- Born: Simon Alexander 1 March 1957 (age 69) Surrey, England
- Occupations: Magician, illusionist, director, producer, writer
- Years active: 1974–present
- Website: houseofmagic.co.uk

= Simon Drake =

English magician

Simon Drake (born Simon Alexander; 1 March 1957) is an English magician based in London. He is best known for the television series The Secret Cabaret made for Britain's Channel 4.

==Early life==

Born in London, Drake is the son of a GP. Drake worked as a record plugger at Decca Records when he met Arthur Brown. Brown would become a mentor to Drake as he trained as a magician.

==Performing career==

He first came to wider attention in Kate Bush's UK live tour in 1979 for which he co-devised visuals and played seven characters. He has a wide and diverse performing history, performing at Tenjō Sajiki in Japan, to the Royal Variety Show at the London Palladium before Queen Elizabeth II. He advised Nicolas Roeg for the film Castaway, coaching Oliver Reed in sleight of hand, and was magic advisor to Harvey Keitel on FairyTale: A True Story.

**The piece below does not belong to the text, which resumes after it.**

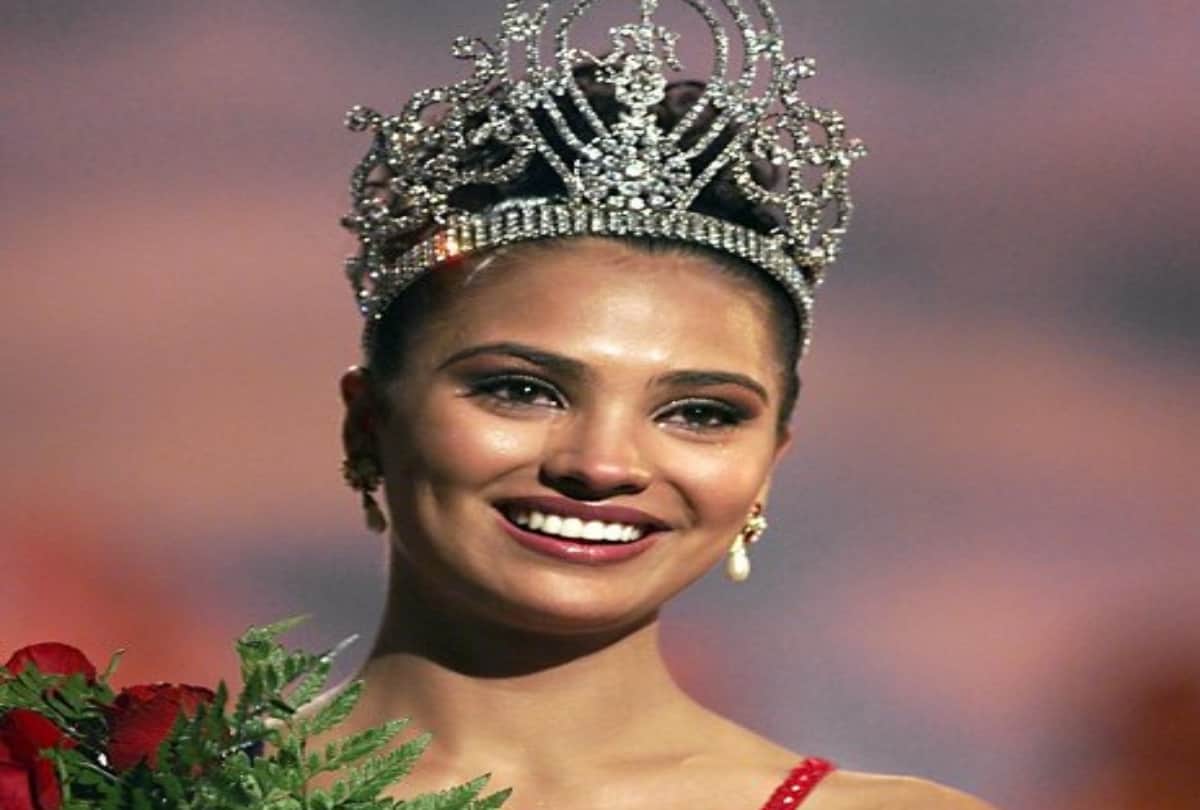 salmankhan change the name of film loveratri to loveyatri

He has performed and consulted with many performers including Elton John, Phil Collins, Madness, David Gilmour, Meat Loaf, Steve Miller, Daryl Hall, Bill Wyman, George Harrison, Julian Lennon, Kate Bush, Peter Gabriel, Katy Perry, and Pamela Stephenson.

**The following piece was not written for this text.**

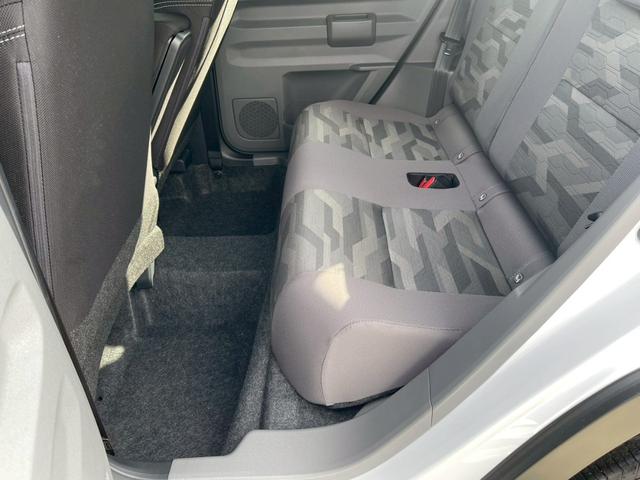 タフト G クロムベンチャー 禁煙車 障害物センサー バックカメラ レーダークルーズコントロール シートヒーター スマートキー フルフラットシート サンルーフ LEDヘッドランプ フロントフォグランプ 純正アルミ ルーフレール(39枚目)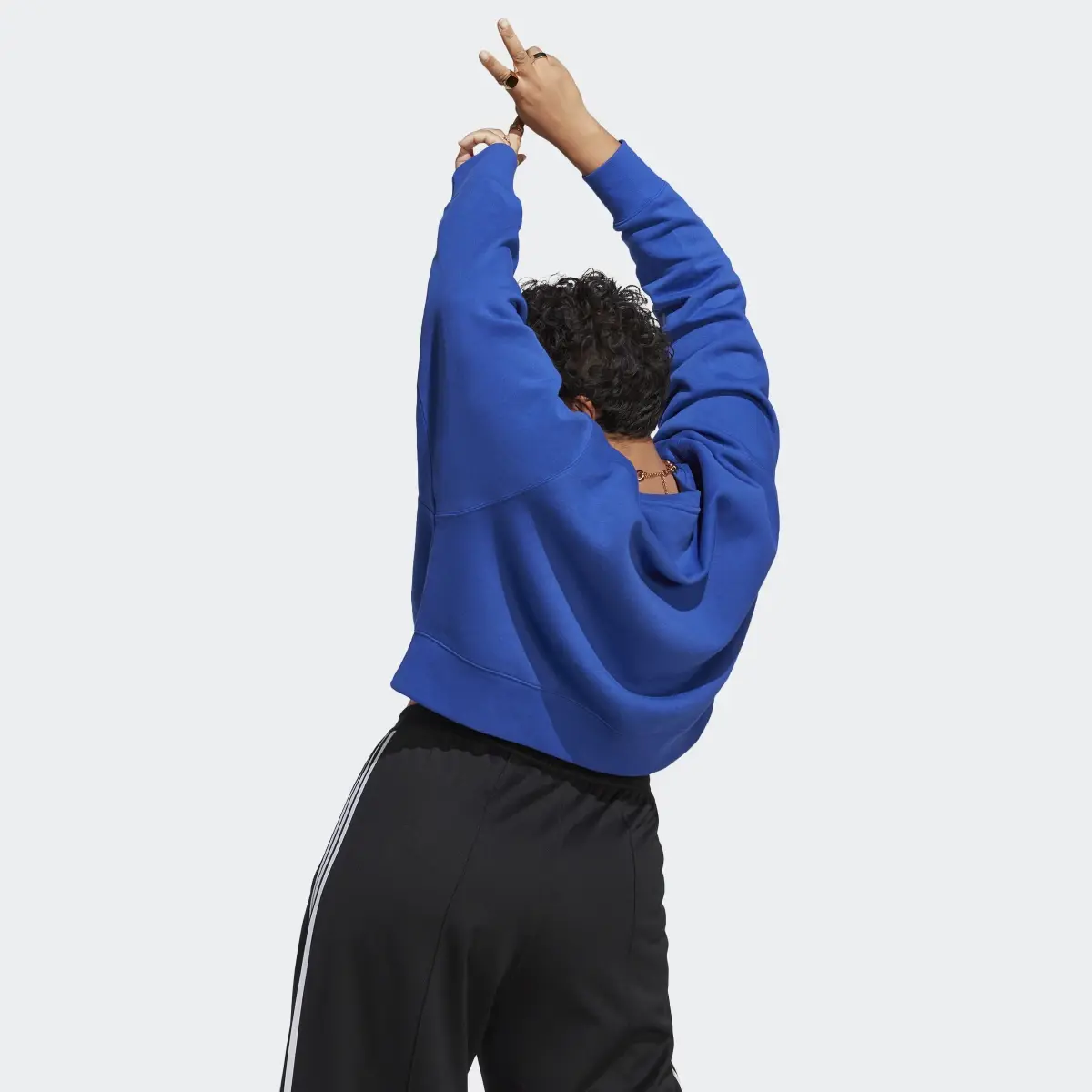 Adidas Adicolor Essentials Crew Sweatshirt (Plus Size). 3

In August 1993 he was seen on American TV in the special Raising Hell, in which he co-starred with Iron Maiden.

Drake has performed twice as a guest with The Royal Ballet at The Royal Opera House, Covent Garden and the London Coliseum. He has appeared at festivals and tours in Canada, New Zealand, Europe and in the UK and has had residencies at many London nightclubs as well as a month in cabaret at Casino de Monte-Carlo, Paris and Dubai. He was the magic and effects supervisor to Cameron Mackintosh for the West End production of The Witches of Eastwick and Ducktastic.

He was a consultant on the South London Theatre's Spring 2007 production of Dr Faustus. He was also a consultant on the production of episode 6 of the fourth series of the BBC television drama Hustle.
He was also a magic advisor on the Terry Gilliam film The Imaginarium of Dr. Parnassus acting as a consultant to the director in pre-production and coaching Christopher Plummer and Andrew Garfield in the art of sleight of hand. He was called in to help Terry Gilliam with a seemingly impossible problem on his production of into the Woods which opened at the Theatre Royal Bath in Summer 2022.

== House of Magic ==
In 1996 he opened his own 4000 sqft venue, Simon Drake's House of Magic, in a converted Victorian building at an unpublicised location in Southwark in central London.

This performing space specialises in corporate entertainment functions, with monthly public performance nights.